Márton Borlay
Márton Borlay

Reputation: 537

React testing with asynchronous setState

I'm new to React testing and I'm having a hard time figuring out the following issue:

I'm trying to simulate an input onChange event. It's a text input that filters the results in a table. InteractiveTable has a controlled input field (ControlledInput) and an instance of Facebook's FixedDataTable.

This is the test:

let filter = ReactTestUtils.findRenderedComponentWithType(component, ControlledInput);
let input = ReactTestUtils.findRenderedDOMComponentWithTag(filter, 'input');
input.value = 'a';
ReactTestUtils.Simulate.change(input);
console.log(component.state);

On input change the component updates its state with the value of the input, but since setState is asynchronous, here the console.log will log out the previous state, and I can't query the structure of the component for testing, because it's not updated yet.

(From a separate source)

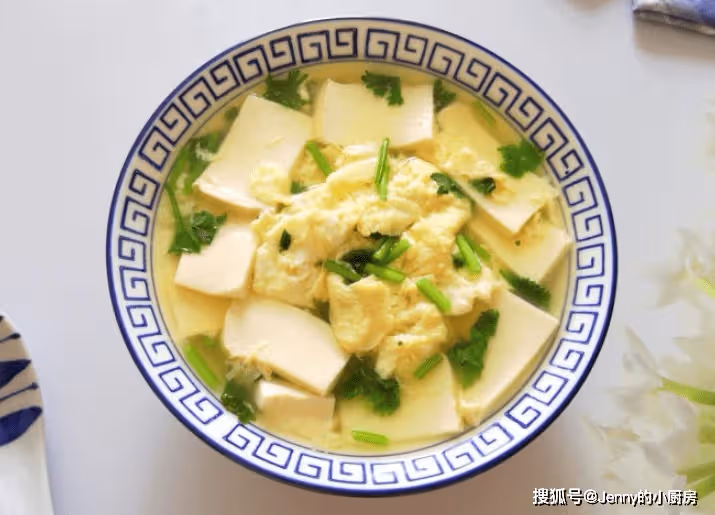夏秋交替,喝湯身體好,分享5道家常湯,滋潤補水,順利入秋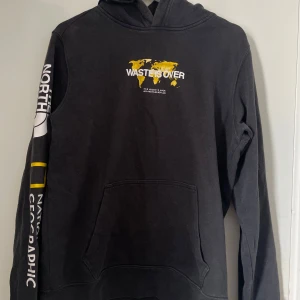 Svart hoodie The North Face x NatGeo - Köpt i usa för 6 år sen, för liten för mig så inte använd. Svart hoodie från The North Face i samarbete med National Geographic.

What am I missing?

Edit: to be clear, if I make the assertion in a setTimeout, it will pass, so it's definitely a problem with the asynchronous nature of setState.

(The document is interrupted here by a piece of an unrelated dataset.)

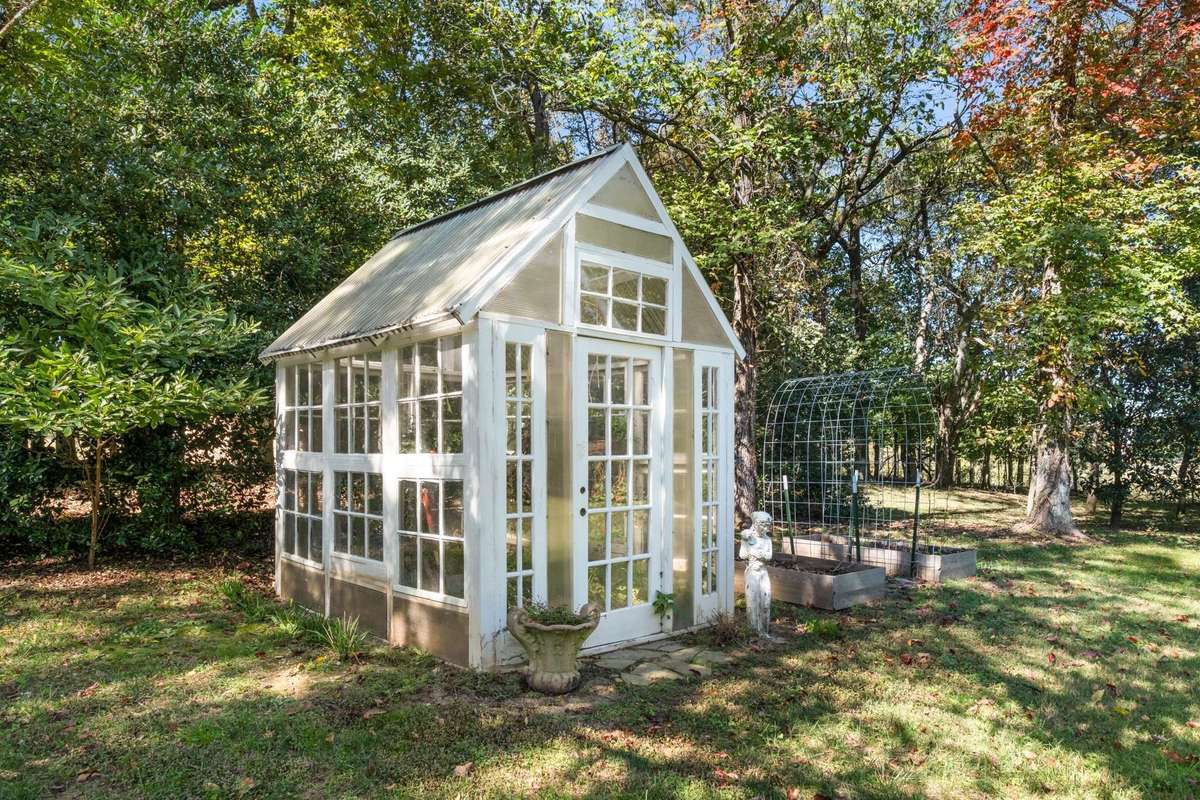 Greenhouse to remain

I found one solution, where I overwrite the componentDidUpdate method of the component:

component.componentDidUpdate = () => {
  console.log(component.state); // shows the updated state
  let cells = ReactTestUtils.scryRenderedComponentsWithType(component, Cell);
  expect(cells.length).toBe(30);
  done();
};

This wouldn't be possible if the component had its own componentDidUpdate method, so it's not a good solution. This seems to be a very common problem, yet I find no solution to it.

Upvotes: 2

Views: 1148

Answers (1)

ericf89
ericf89

Reputation: 379

Normally when I run into similar scenarios when testing, I try to break things apart a little. In your current test, (depending on your flavor of test framework), you could mock the component's setState method, and simply ensure that it's called with what you expect when you simulate a change.

If you want further coverage, in a different test you could call the real setState with some mock data, and then use the callback to make assertions about what's rendered, or ensure other internal methods are called.

OR: If your testing framework allows for simulating async stuff, you could try calling that too and test the whole thing in one go.